/ CS224N

cs224n - Lecture 5. Language Models and RNNs

How do we gain from a neural dependency parser?

  • So far…
    Transition based dependency parsers were an efficient linear time method for giving the syntactic structure of natural language text.
    Worked pretty well before neural nets came along.
    $\color{red}{(-)}$ They worked with indicator features, specifying some condition and then checking whether it was true of a configuration. Problems of those features are:
    • Problem #1: sparse
    • Problem #2: incomplete
    • Problem #3: expensive computation
      More than 95% of parsing time is consumed by feature computation
  • Neural Approach:
    Start with the same configuration of a stack and a buffer, run exactly the same transition sequence but with a dense vector.
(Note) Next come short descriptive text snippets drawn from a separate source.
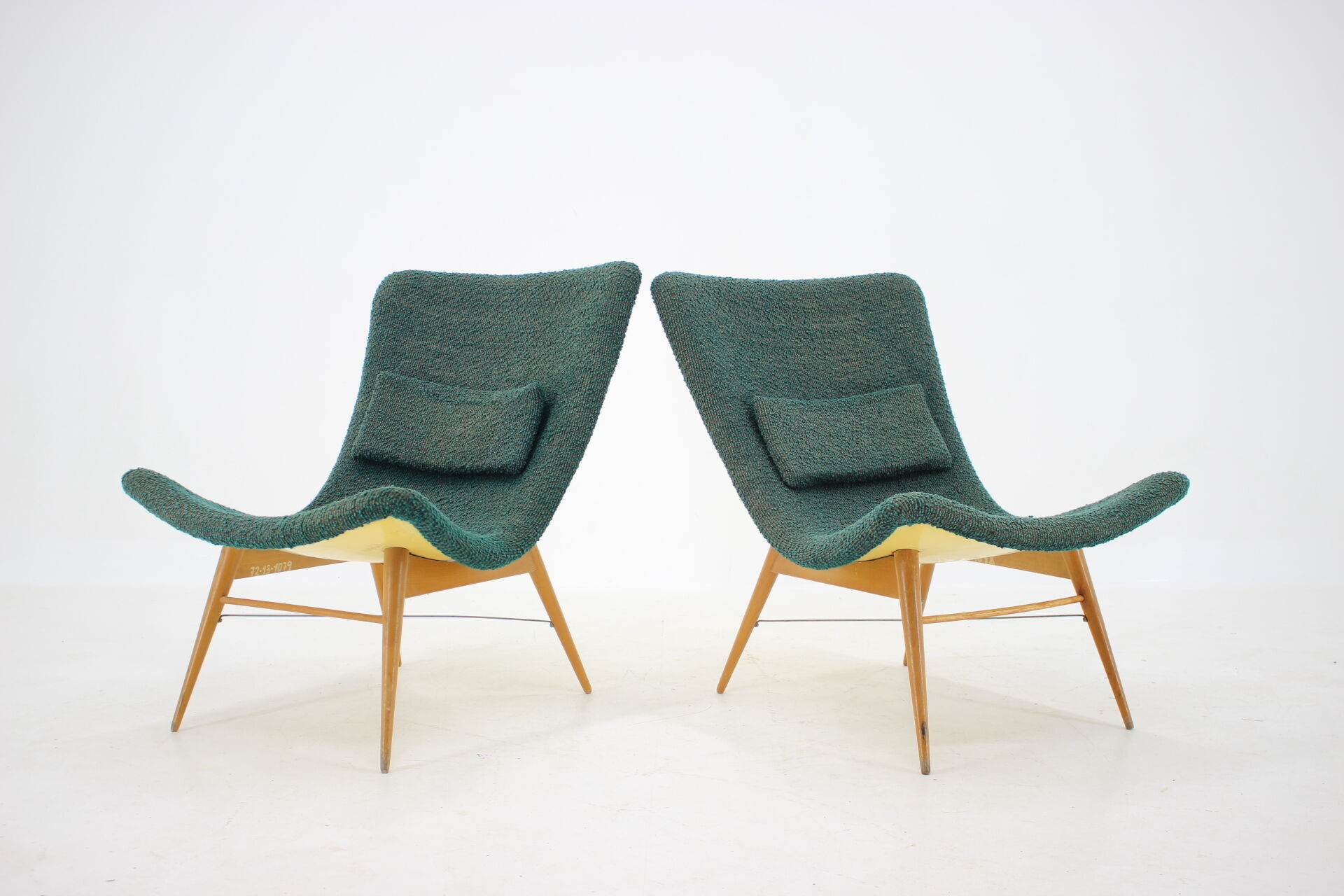 1960s Pair of Miroslav Navratil Shell Lounge Chairs, Czechoslovakia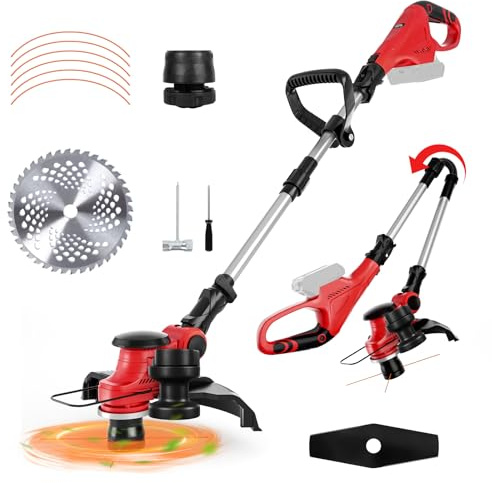 String Trimmer Compatible with Milwaukee 18V Battery,3 in 1 Folding with Brushless Motor 30cm Cutting width & Battery Status Indicator Electric Trimmer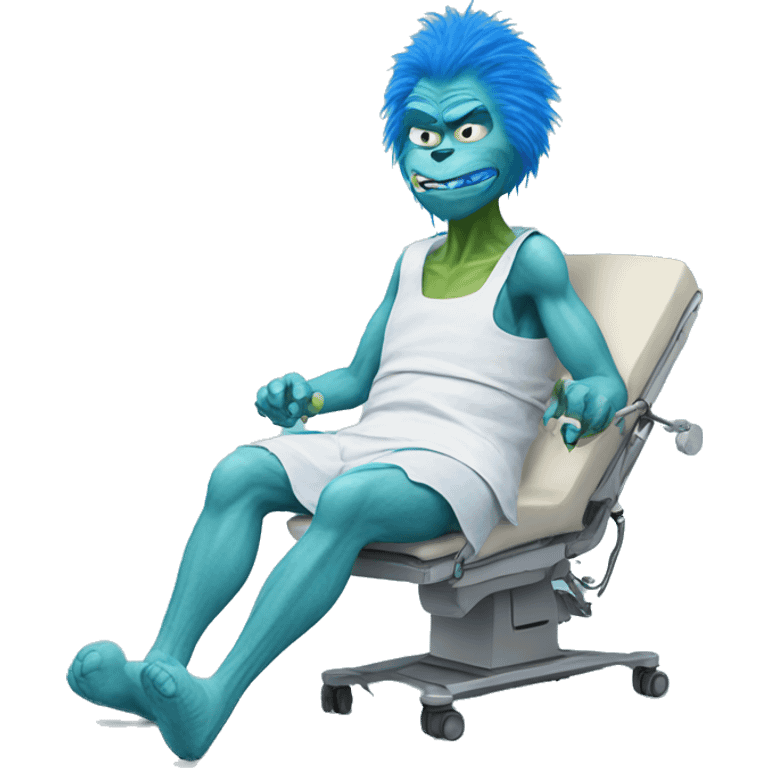 Blue grinch getting knee surgery emoji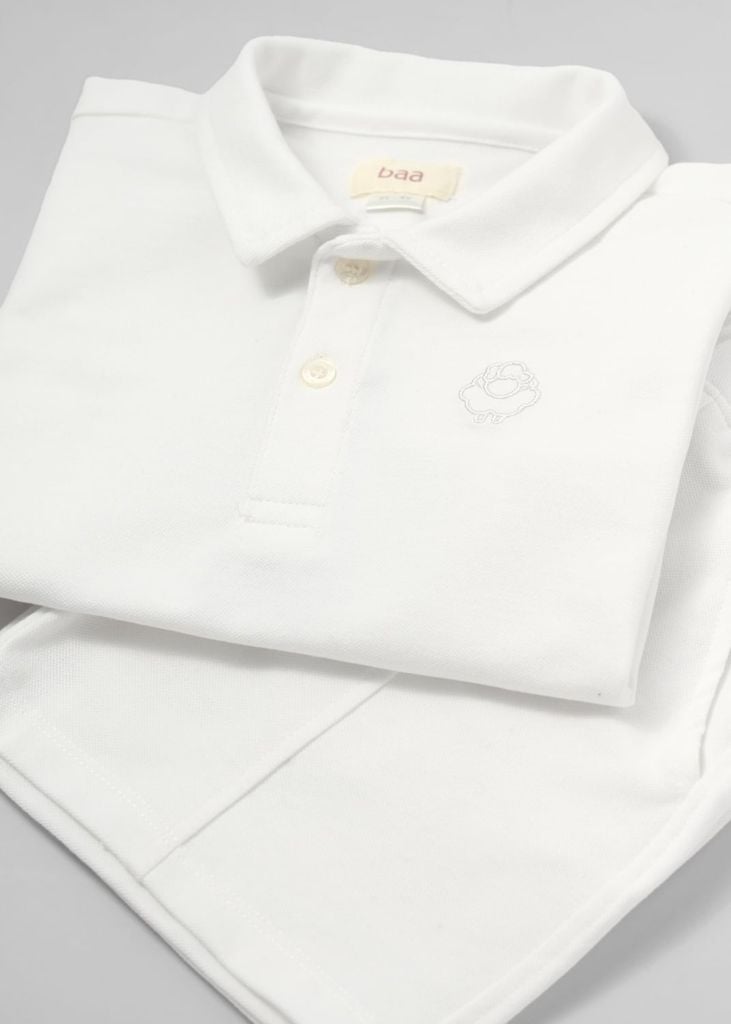 Set Polo Bé Trai Trắng Thêu Logo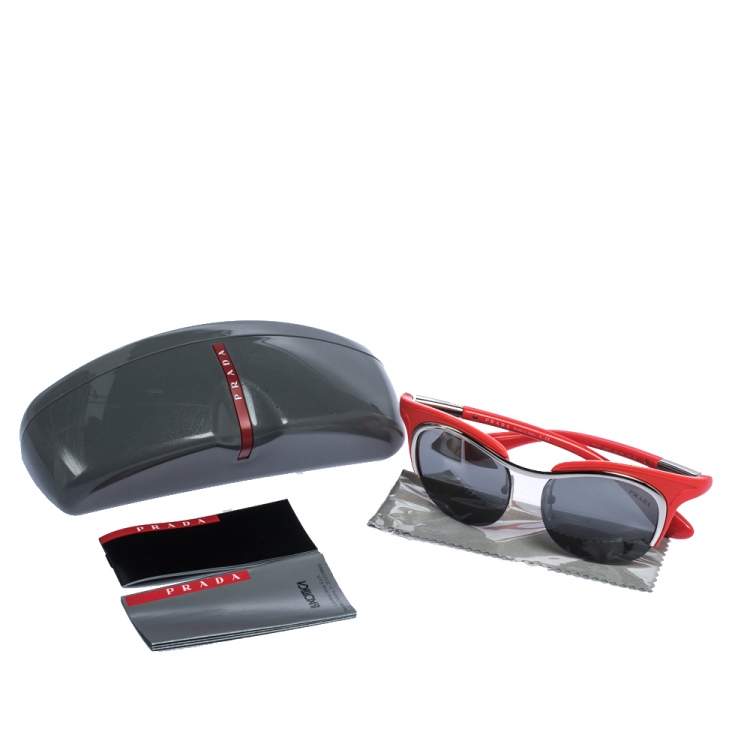 Pre Owned Prada Silver Tone & Coral/ Grey SPR 68O Cat Eye Sunglasses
A neural dependency parser(Chen and Manning, 2014)

png

  • Results on English parsing to Stanford Dependencies:
    • Unlabeled attachment score (UAS) = head
    • Labeled attachment score (LAS) = head and label
    • 2% more accurate than the symbolic dependency parser
    • noticeably faster

First win: Distributed Representations

  • Represent each word as a d-dimensional dense vector (i.e., word embedding)
    • Similar words are expected to have close vectors.
  • Meanwhile, part-of-speech tags(POS) and dependency labels are also represented as d-dimensional vectors.
    • The smaller discrete sets also exhibit many semantical similarities.
  • Extracting Tokens & vector representations from configuration
    • Extract a set of tokens based on the stack / buffer positions:

png

Second win: Deep Learning classifiers are non-linear classifiers

  • A softmax classifier assigns classes $y\in C$ based on inputs $x \in \mathbb{R}^d$ via the probability:
    \(\begin{align*} p(y\mid x) = \frac{\exp(W_y . x)}{\sum_{c=1}^C \exp(W_c . x)} \end{align*}\)

  • We train the weight matrix $W \in \mathbb{R}^{C\times d}$ to minimize the neg. log loss: $\sum_i - \log p(y_i\mid x_i)$ (a.k.a. “cross entropy loss”)
  • Traditional ML classifiers (including Naive Bayes, SVMs, logistic regression and softmax classifier) are not very powerful classifiers: they only give linear decision boundaries; limiting, unhelpful when a problem is complex.

  • Neural networks can learn much more complex functions with nonlinear decision boundaries.
    • Non-linear in the original space, linear for the softmax at the top of the neural network

png

Simple feed-forward neural network multi-class classifier

png

Neural Dependency Parser Model Architecture

png

Dependency parsing for sentence structure

  • C & M 2014 showed that neural networks can accurately determine the structure of sentences, supporting meaning interpretation

png

  • It was the first simple, successful neural dependency parser
  • The dense representations (and non-linear classifier) let it outperform other greedy parsers in both accuracy and speed

Further developments in transition-based neural dependency parsing

Graph-based dependency parsers

  • Compute a score for every possible pair; dependency (choice of head) for each word
    • Doing this well requires more than just knowing the two words
    • We need good “contextual” representations of each word token, which we will develop in the coming lectures
  • Repeat the same process for each other word; find the best parse (MST algorithm)

png

A Neural graph-based dependency parser

  • Dozat and Manning 2017; Dozat, Qi, and Manning 2017

  • This paper revived interest in graph-based dependency parsing in a neural world
    • Designed a biaffine scoring model for neural dependency parsing
    • Also crucially uses a neural sequence model
  • Great results, but slower than the simple neural transition-based parsers
    • There are $n^2$ possible dependencies in a sentence of length $n$

png

A bit more about neural networks

Regularization

  • A full loss function includes regularization over all parameters $\theta$, e.g., L2 regularization:
    \(\begin{align*} J(\theta) = \frac{1}{N}\sum_{i=1}^N -\log \left( \frac{e^{f_{y_i}}}{\sum_{c=1}^C e^{f_c}} \right) + \lambda\sum_k \theta_k^2 \end{align*}\)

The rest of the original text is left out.